Federal securities fraud class-action lawsuits filed in the first half of this year totaled 119, the highest semiannual filings since the 126 in the first half of 1999, said a report released Tuesday by Cornerstone Research and Stanford Law School Securities Class Action Clearinghouse.
The filings are up 36.7% from the first half of last year and up 16.6% from the second half of last year.
Some 6.4% of Standard & Poor’s 500 companies were subject to filings on an annualized basis, more than double the 2.6% for all of 2015 and the highest rate since the 9.2% of 2008.
“A substantial increase in (merger and acquisition) class actions largely explains the increase in the number of filings” from last year, said the report, “Securities Class Action Filings — 2016 Mid-Year Assessment.”

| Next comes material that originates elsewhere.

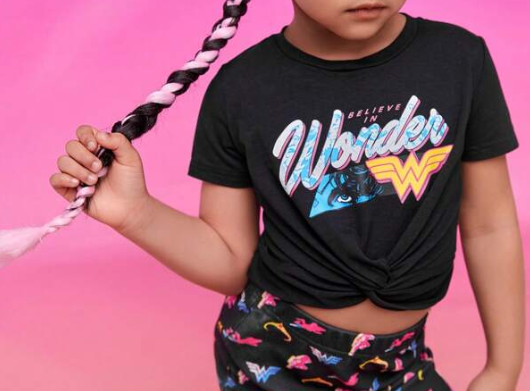 Camiseta Crop Wonder - Negro-4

Mergers and acquisitions filings totaled 24 in the first half of this year, up from nine in the second half of last year and eight in the fist half of last year.
In the first half of 2016, 98 of the filings were against U.S.-based companies and 21 against non-U.S. companies. By contrast, in all of 2015, 154 filings were against U.S. companies and 35 against non-U.S. companies.
In 2016, an annualized 6.1% of the S&P 500 market capitalization was subject to a new filing, up from 3.2% in all of 2015 and the highest since the 11.2% in 2010.
For the first six months of 2016, a total of $43 billion of defendant companies’ market value was lost from the trading day with the highest market capitalization during the class-action period to the trading day immediately following the end of the class-action period, the report said. By contrast, the loss was $71 billion and $34 billion in the second half and first half of 2015, respectively.
“While the number of M&A filings increased in the first half of the year, these filings, which do not typically involve a ‘stock-drop’ allegation, do not affect” market value loss, the report said.